1 de marzo de 2016

Querer ser, querer estar

Por Fabiola Martínez

Una vez alguien compartió conmigo una frase llena de sabiduría: “lo relevante en la vida es la actitud que tomas ante ella”. Eso lo supe hace unos diez años, quizás ocho. Sin embargo hoy que me siento a escribir la entrega del día, recuerdo y pienso en todo lo vivido y me doy cuenta de cuánto hay de cierto y aplicable en la frase.
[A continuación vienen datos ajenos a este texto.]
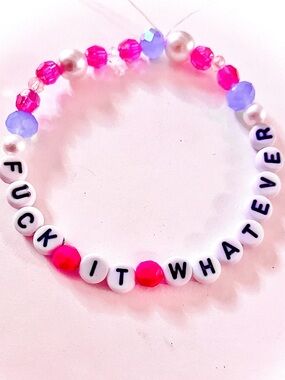 BUY1GET1FREE Olivia Rodrigo Inspired “U+me=<3” Bracelet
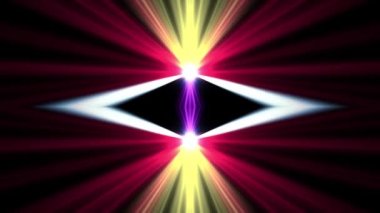 süs gökkuşağı ışık ışınları kaleydoskop etnik kabile psychedelic desen animasyon sorunsuz döngü yeni kalite retro vintage tatil doğal renkli evrensel hareket dinamik neşeli müzik video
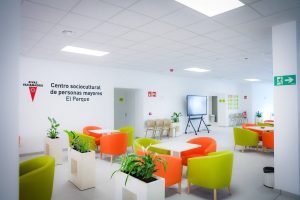 El centro de mayores El Parque, reabierto tras su reforma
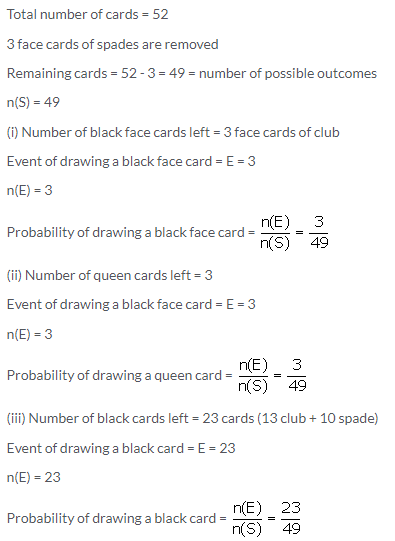 Selina Concise Mathematics Class 10 ICSE Solutions Probability image - 42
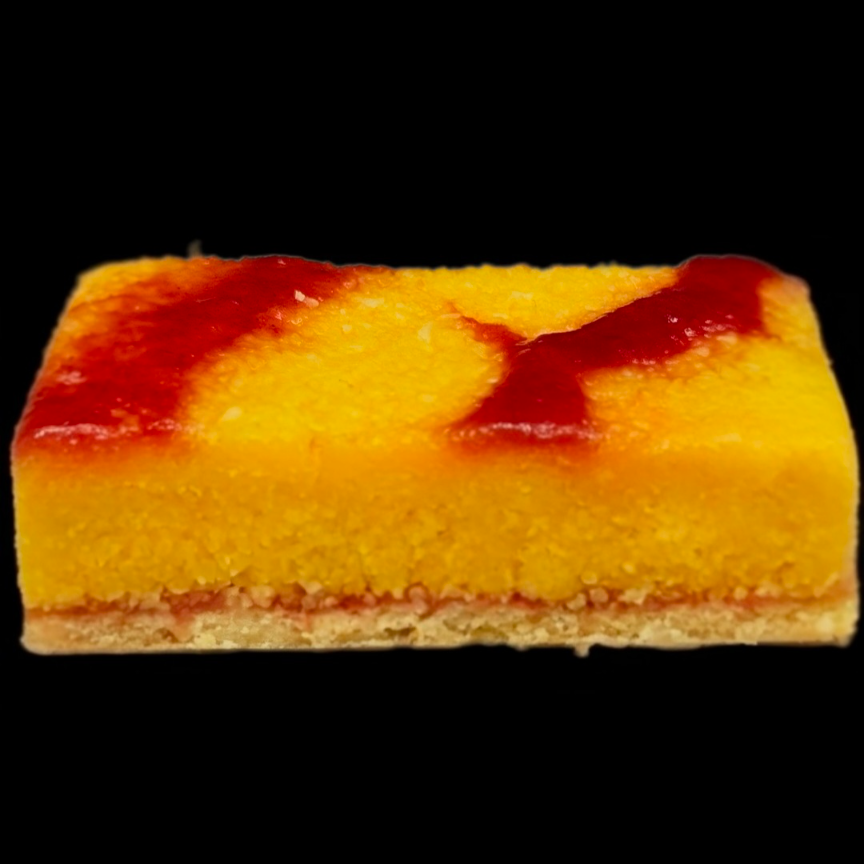 COCONUT RASPBERRY SLICE BOX6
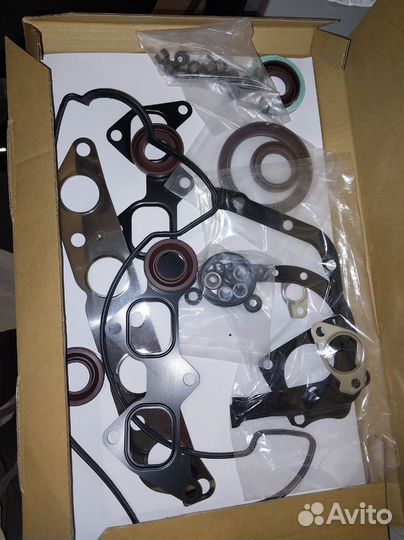 Ремкомплект двигателя 4a-fe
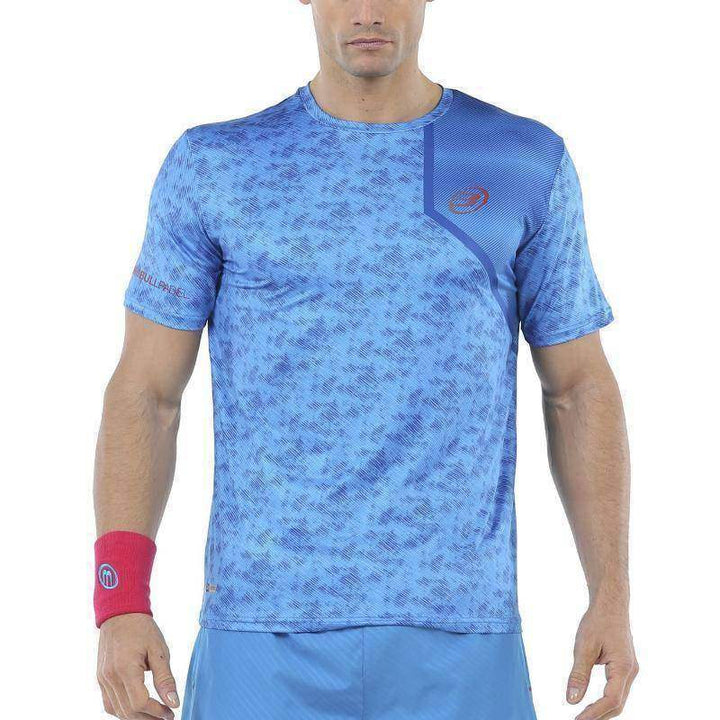 Bullpadel Uriarte Intense Blue T-shirt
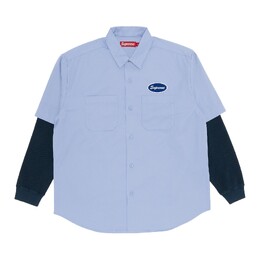 Supreme: Светлая рубашка 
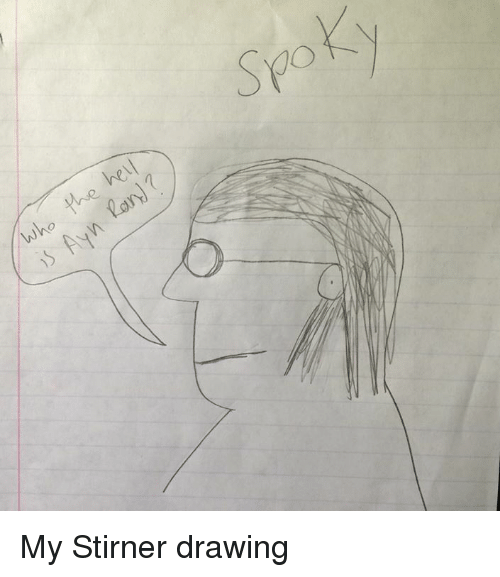 500x577 The Hell Who My Stirner Drawing Meme On Me Me - Hell Drawing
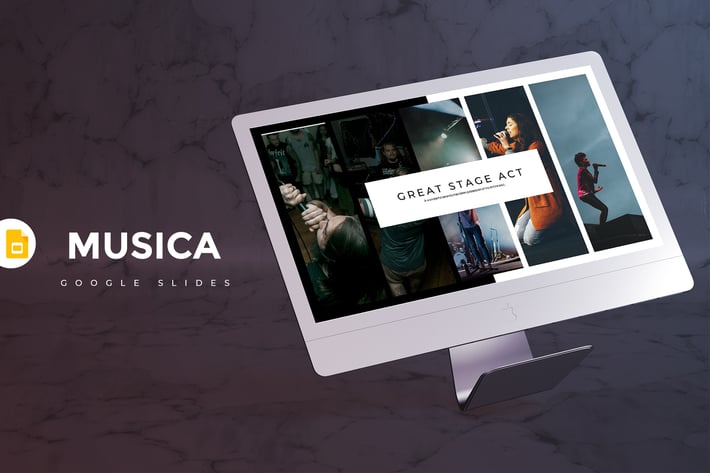 Musica - Google Slides Template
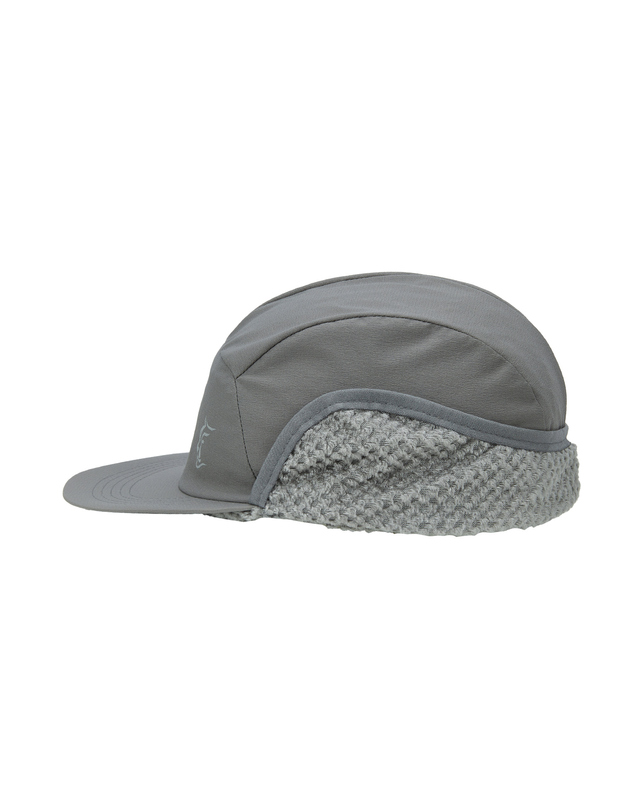 티톤 브로스 Zero-G Fleece 5P CAP 그레이 착용컷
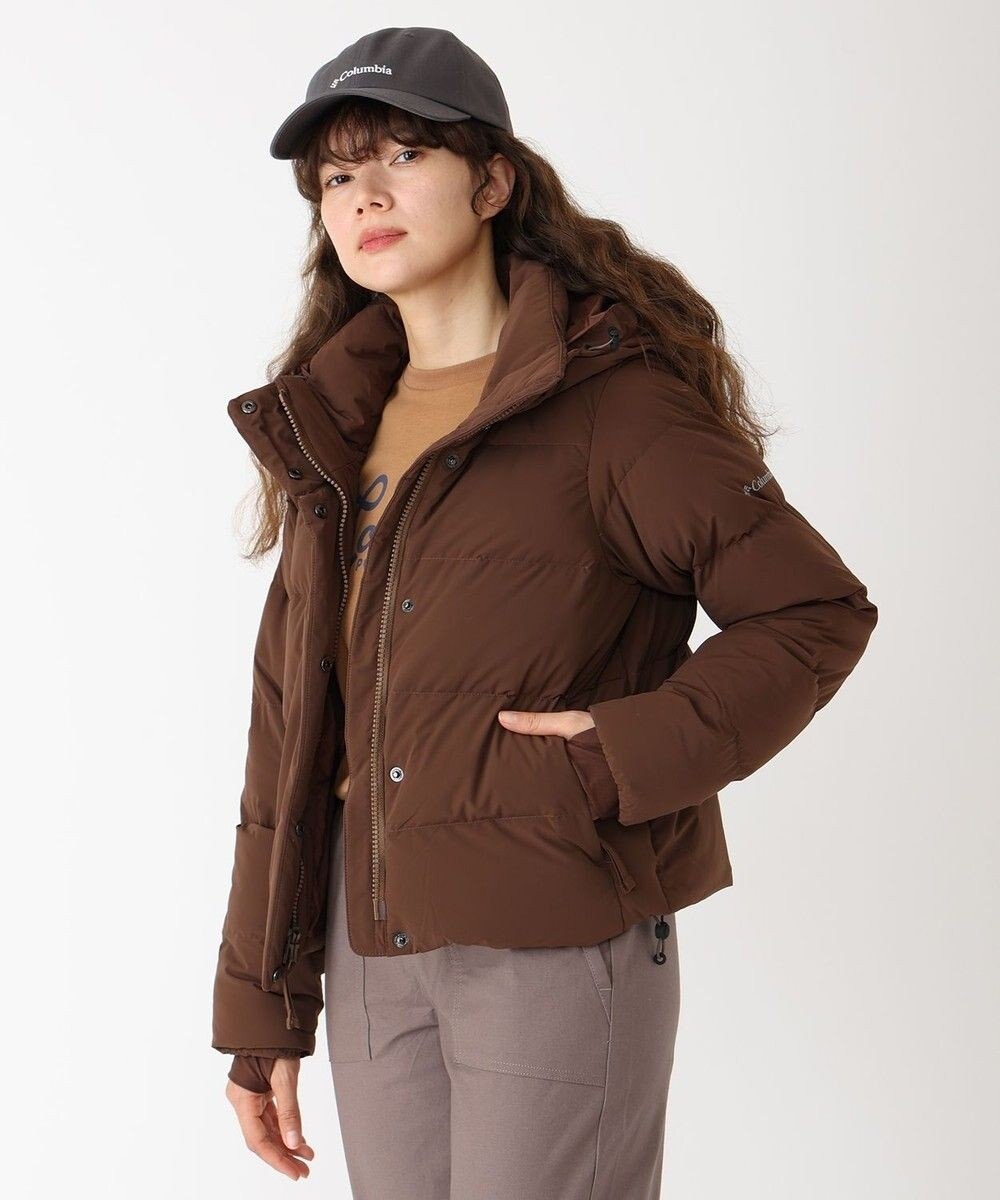 Columbia Columbia/ ウィメンズアメイズパフフーデッドジャケット /コロンビア 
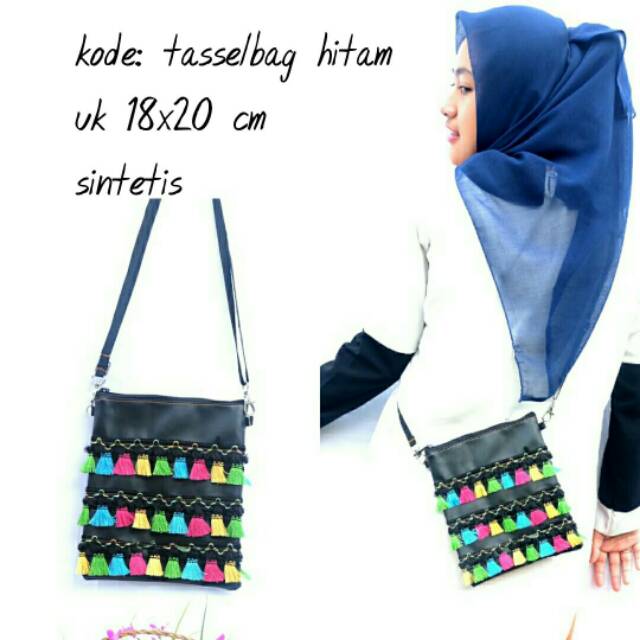 Tasselbag ( COD BAYAR DITEMPAT )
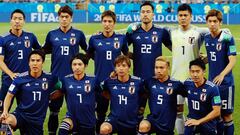 Convocatoria de Japón para el partido amistoso ante Colombia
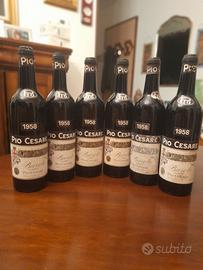 bottiglie vino da collezione 
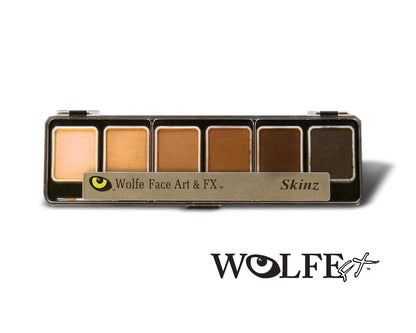 Hydrocolor Skinz 6 Color Palette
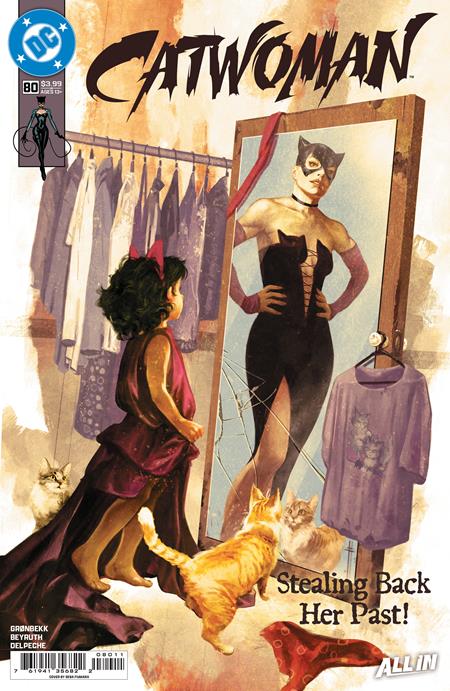 Catwoman, Vol. 5 80 Comic Sebastian Fiumara DC Comics 2025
El inicio del semestre y el cambio de carrera requirieron de mí un nuevo viaje a Moscú, debía realizar algunos movimientos con la agregada cultural de la embajada. Nuevamente Martha y yo aprovechamos la ocasión para organizar un pequeño paseo. Nuevamente los decanos de la Podfak olvidaron solicitarnos una carta de invitación con domicilio de pernocta. Insisto en pensar que esa omisión se debía a que daban por sentado que la embajada nos apoyaba con la estancia. Grave error. Afortunadamente el hogar de la familia Pilshikov ya estaba abierto para nosotras.

Las nevadas de ese año eran abundantes, sobre todo durante las noches, la temperatura permanecía fría pero estable, oscilando entre los menos diez y menos quince bajo cero. Bien abrigadas salimos hacia la estación de trenes con un par de horas de anticipación, el gusto por Moscú nos había movilizado para conocer los horarios fijos de las corridas a la gran capital.

Para los extranjeros, y más para los estudiantes con visa, comprar boletos era un asunto más que sencillo. En la estación había una ventanilla destinada sólo para nosotros, la de Intourist, era cuestión de llegar con tiempo y de tener los papeles listos.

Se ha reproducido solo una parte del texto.